Scott Rosenberg has posted the first of a three-part series of posts in defence of links:

For 15 years, I've been doing most of my writing – aside from my two books – on the Web. When I do switch back to writing an article for print, I find myself feeling stymied. I can't link!

Links have become an essential part of how I write, and also part of how I read. Given a choice between reading something on paper and reading it online, I much prefer reading online: I can follow up on an article's links to explore source material, gain a deeper understanding of a complex point, or just look up some term of art with which I'm unfamiliar.

There is, I think, nothing unusual about this today. So I was flummoxed earlier this year when Nicholas Carr started a campaign against the humble link, and found at least partial support from some other estimable writers (among them Laura Miller, Marshall Kirkpatrick, Jason Fry and Ryan Chittum). Carr's "delinkification" critique is part of a larger argument contained in his book The Shallows. I read the book this summer and plan to write about it more. But for now let's zero in on Carr's case against links, on pages 126-129 of his book as well as in his "delinkification" post. [...]

This first post suggests that some of the studies into the relationship between reading, comprehension and hyperlinks cited by Nicholas Carr weren't looking at hyperlinks as they're used in the vast majority of web-based writing today. I look forward to seeing where Rosenberg takes the argument in his next two pieces.

Tomorrow, in the next post in this series, I'll examine some of the ways links are being misused on the Web today – driven not by some abstract belief in the virtues of hypertext but rather by crude business imperatives. Then, in the final installment, I'll make the case for good linking practices as a source of badly needed context and a foundation for trust.

For what it's worth, when I read Nicholas Carr's post experimenting with delinkification I did consider whether it might be worth adopting the idea, but concluded that it's a technique particularly ill-suited to a linklog like this site.

If I were in the habit of writing longer think-pieces then my gut feeling – based, I'll freely admit, primarily on the way I've learned to read pieces on the web since I first encountered it in late 1992/early 1993 – is that it's much more helpful to have the link appear at the point in the text at which I discuss the material at the other end of the link than it is to require the reader to bounce between the text and a list of links at the end of the piece1 to get the full sense of my argument.

The key, to my mind, is that it's up to the reader to choose whether to hare off after my link as soon as it appears or to defer following it until they've reached the end of my argument.
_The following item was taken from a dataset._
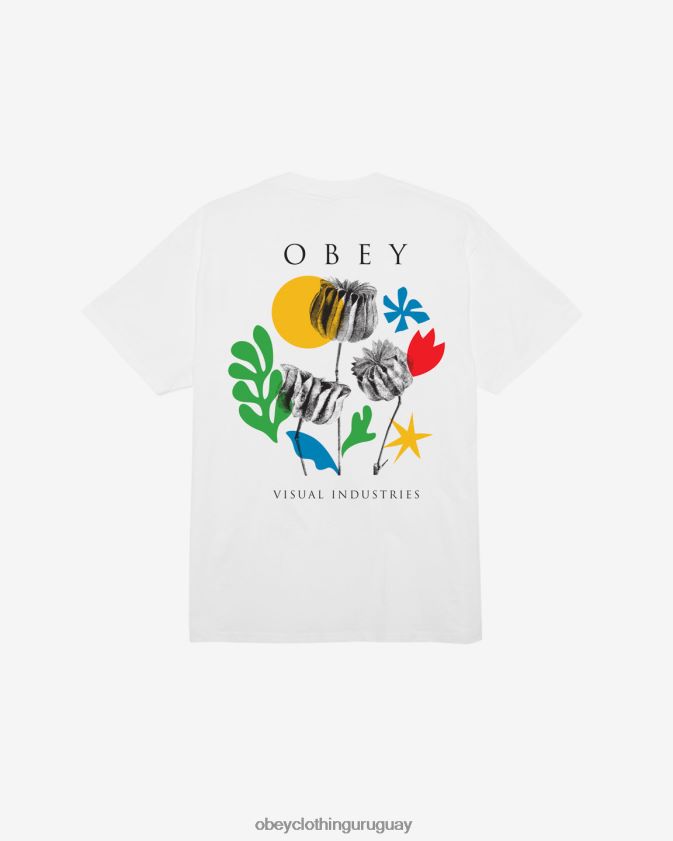 OBEY blanco hombres camiseta clasica flores papeles tijeras 28XT8J319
As long as I don't style my link text in a way that makes it difficult for the reader to skim the entire sentence2 I think that readers should be fine dealing with a few links scattered here and there throughout my piece.

  1. Or in footnotes/endnotes, or in a sidebar. And yes, I do notice the irony of my placing this text in a footnote.
  2. By which I mean, for example, styling the text in a way that jars with the surrounding, non-linked text.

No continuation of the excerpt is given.